* **Exercise details**
Reproduce only this range: the line holding "Cinco De Mayo" through the last line of the data below, both included, exactly, with no pictures.

Dataset items:

- - - -

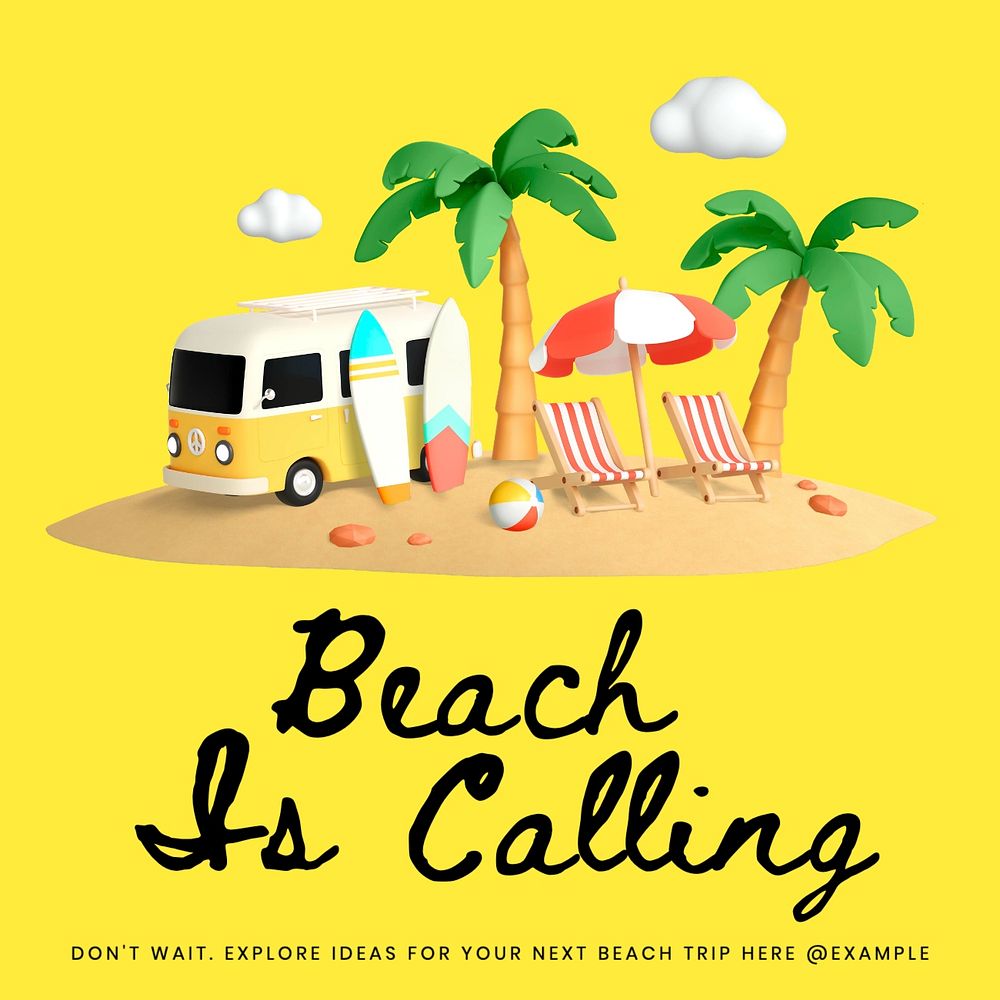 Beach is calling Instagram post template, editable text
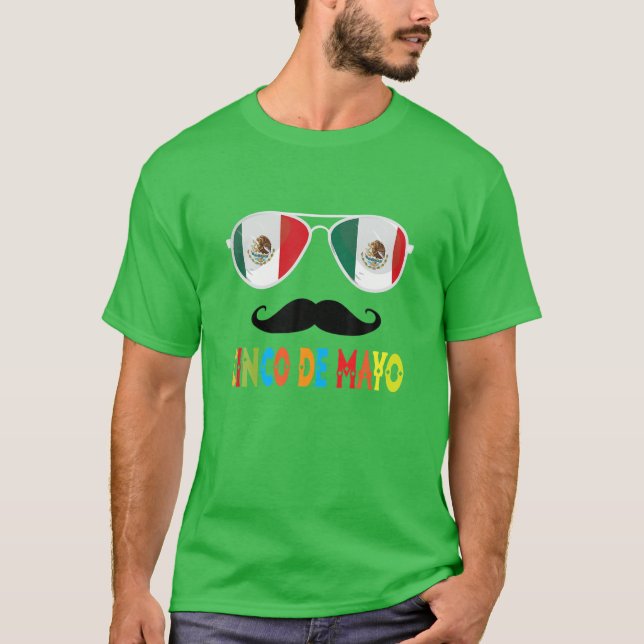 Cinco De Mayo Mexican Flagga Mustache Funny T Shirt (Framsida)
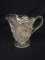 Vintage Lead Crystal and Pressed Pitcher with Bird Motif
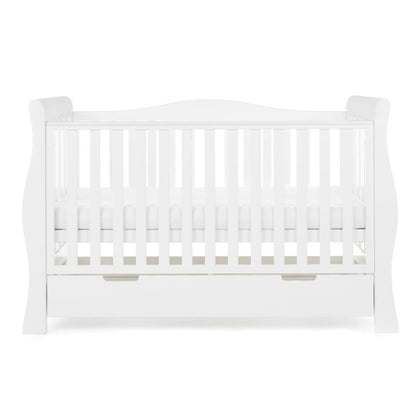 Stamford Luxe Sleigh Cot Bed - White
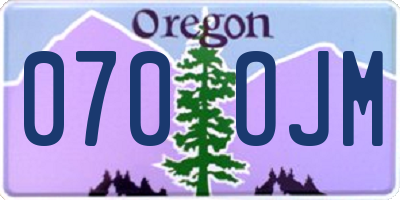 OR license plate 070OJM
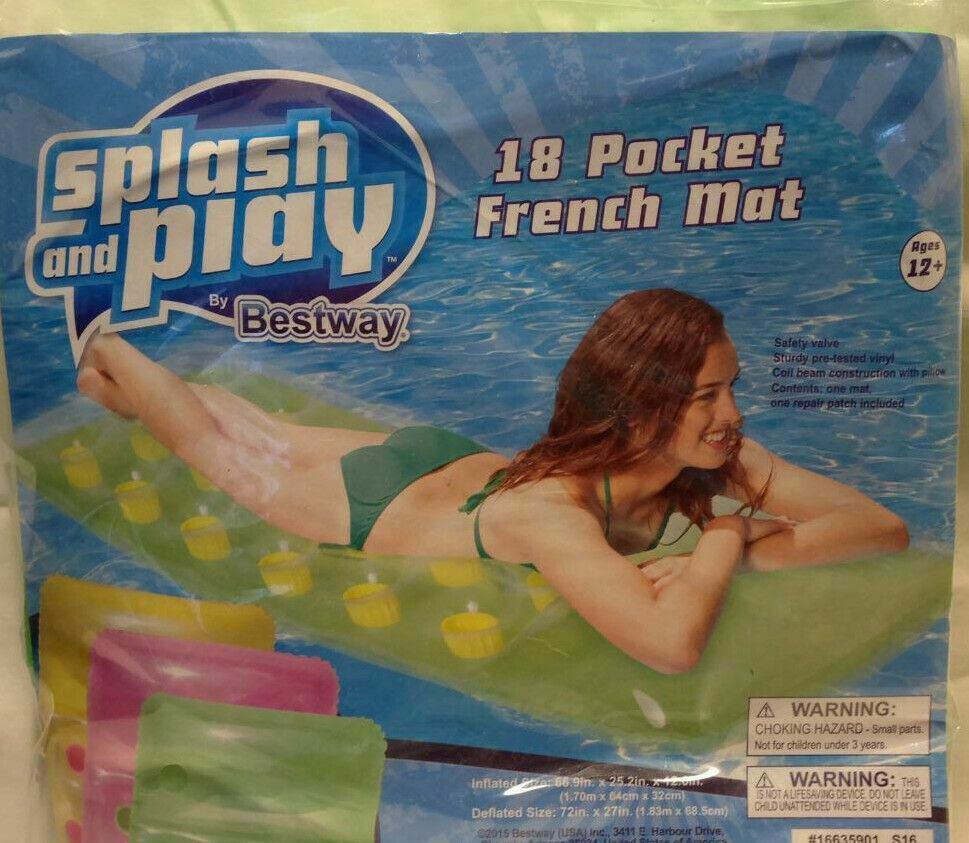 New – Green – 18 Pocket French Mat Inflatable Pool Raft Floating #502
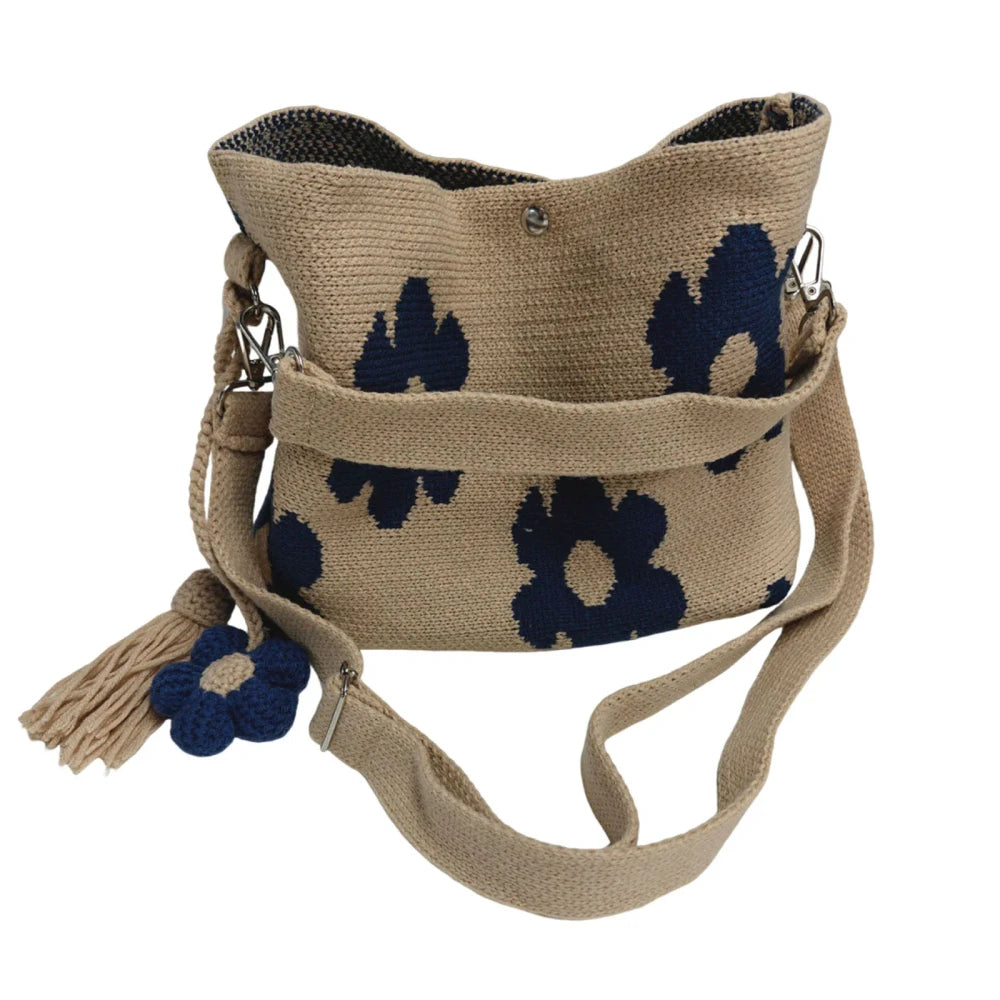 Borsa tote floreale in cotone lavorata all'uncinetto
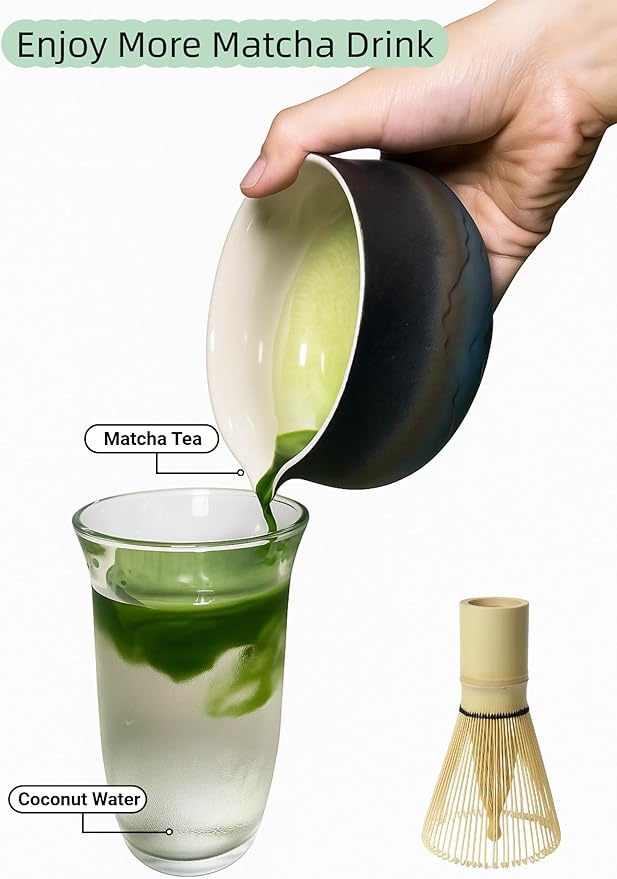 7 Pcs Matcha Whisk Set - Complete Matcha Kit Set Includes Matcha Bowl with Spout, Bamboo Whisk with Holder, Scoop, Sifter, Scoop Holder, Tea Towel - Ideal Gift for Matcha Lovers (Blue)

- - - -

* **Exercise output**
 Cinco De Mayo Mexican Flagga Mustache Funny T Shirt (Framsida)
 Vintage Lead Crystal and Pressed Pitcher with Bird Motif
 Stamford Luxe Sleigh Cot Bed - White
 OR license plate 070OJM
 New – Green – 18 Pocket French Mat Inflatable Pool Raft Floating #502
 Borsa tote floreale in cotone lavorata all'uncinetto
 7 Pcs Matcha Whisk Set - Complete Matcha Kit Set Includes Matcha Bowl with Spout, Bamboo Whisk with Holder, Scoop, Sifter, Scoop Holder, Tea Towel - Ideal Gift for Matcha Lovers (Blue)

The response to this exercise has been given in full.